### WORK REQUEST
Once the line containing "Тормозной диск BREMBO 09.A529.10" is found in the data below, repeat it and every later line exactly, leaving the pictures out.

----

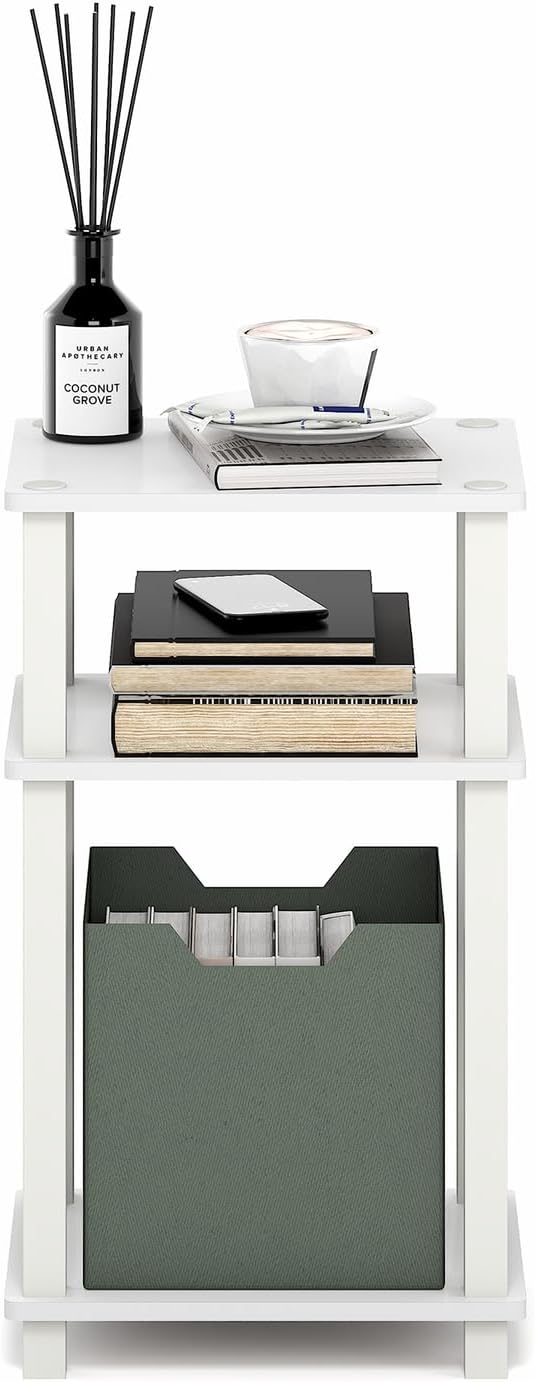 Furinno JUST Side Table, 3-Tier Open Shelf End Table, Toolless Assembly Night Stand, Bedside Table with Square Tube, for Living Room, Bedroom, White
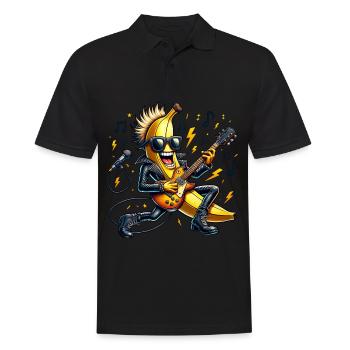 Rockige Banane Mit Gitarre Und Mikrofon - Männer Poloshirt - Schwarz - Vorne - Kai (181cm)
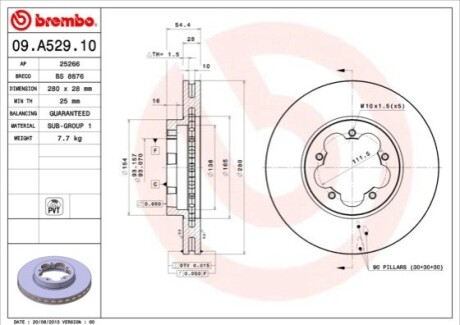 Тормозной диск BREMBO 09.A529.10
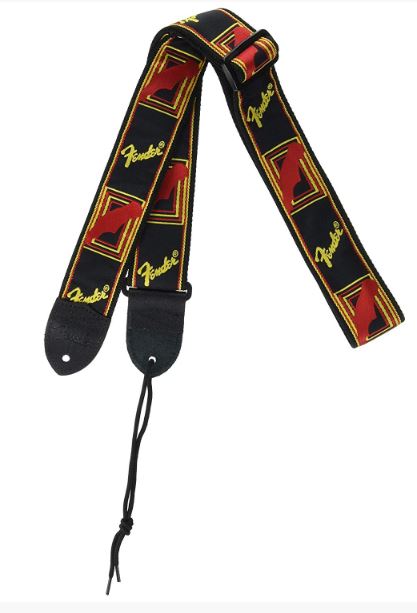 Fender Guitar Strap Monogramed Blk/Yell/Red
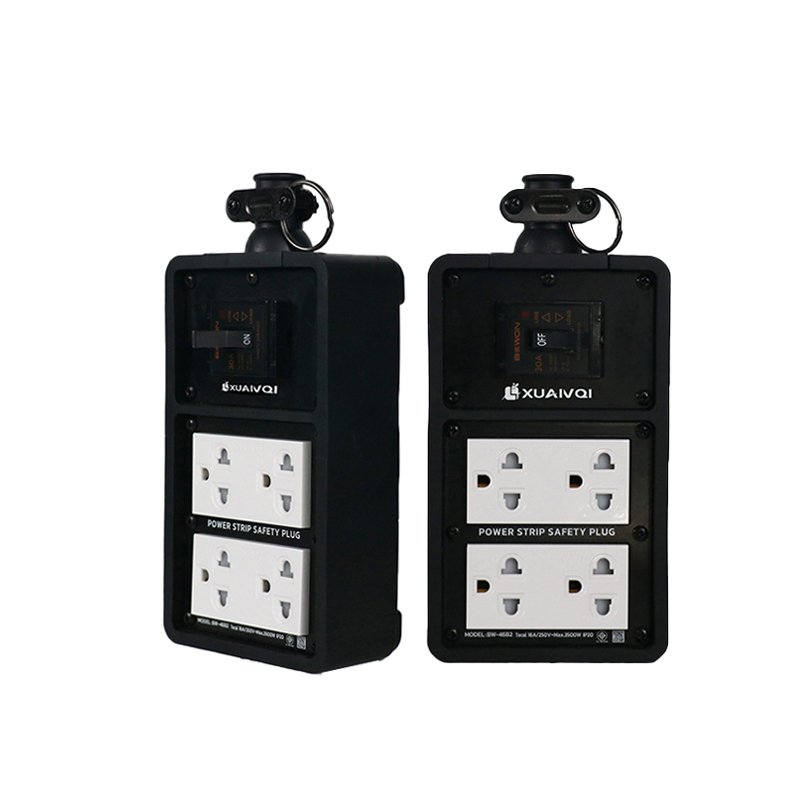 Black Waterproof Desktop Safety Plug Socket 2 Gang 3 Pins Safety Tabletop Socket 16A 250V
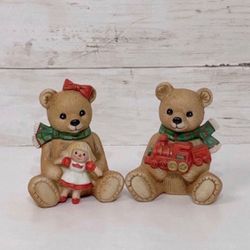 VTG Homco Ceramic Christmas Bear Figurines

----

### WRITTEN REPLY
 Тормозной диск BREMBO 09.A529.10
 Fender Guitar Strap Monogramed Blk/Yell/Red
 Black Waterproof Desktop Safety Plug Socket 2 Gang 3 Pins Safety Tabletop Socket 16A 250V
 VTG Homco Ceramic Christmas Bear Figurines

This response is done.